On Mon, 31 January 2000, "dave o'leary" wrote:
Attempts to "standardize" inter-NOC communication happened a couple of times in the early 90's in the IETF, but it got too ugly, with too many barriers (basically people not wanting to expose dirty laundry). I fear that attempts to do so now when the providers are *really* competing with each other (as opposed to back in the old daze when we were all friends :-) will suffer the same fate, other than on a pairwise basis between NOCs that cooperate well with each other anyway.
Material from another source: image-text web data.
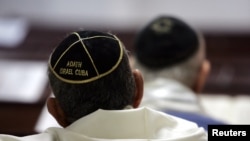 Miembros de la comunidad judía atienden el servicio religioso en la Sinagoga Adath Israel , en La Habana. (REUTERS/Claudia Daut/Archivo)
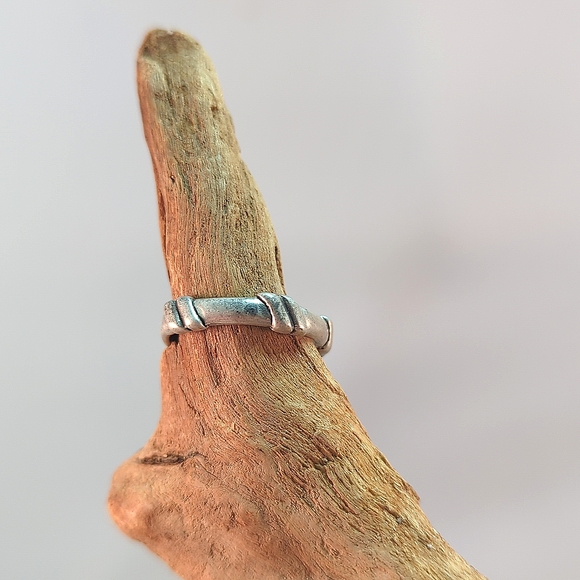 Vintage Native American Rope Design Sterling Silver Band Ring Size 7.5 Stamped - Picture 1 of 5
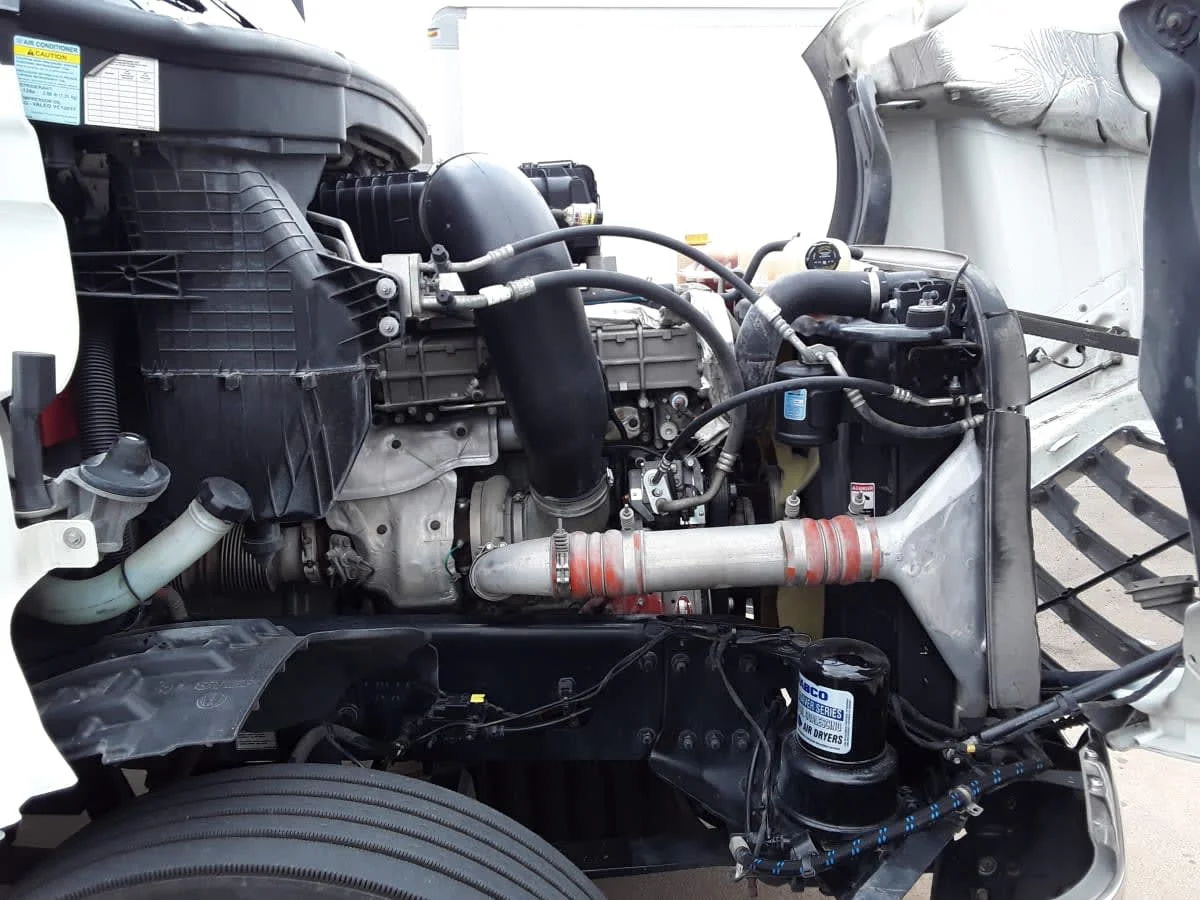 2021 Freightliner Cascadia - image 9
According to a Telcordia survey of 25 "nontraditional" communication companies (ISPs, wireless, cable, etc) 82% of the respondents said they informed customers about outages and service degradation. If this number seems high, remember this is a self-reported survey, not neccessarily what actually happens when a company has a severe problem with their network. About 40% of the respondants said they informed industry groups and other companies about the most severe and selected other problems. Again, based on self-reporting. One interesting statistic was about 5% of the survey sample said they didn't even tell other people in their own company about severe outages or degradations of service. I'm guessing this was a statistical artifact, like the 5% of voters who report they don't know for whom they voted when asked in exit polls on election day. But maybe some companies really don't tell even other parts of the same company when they have a problem. Note: the survey was completed on July 9, 1999; and may not reflect changes in company policies after major outages since last summer.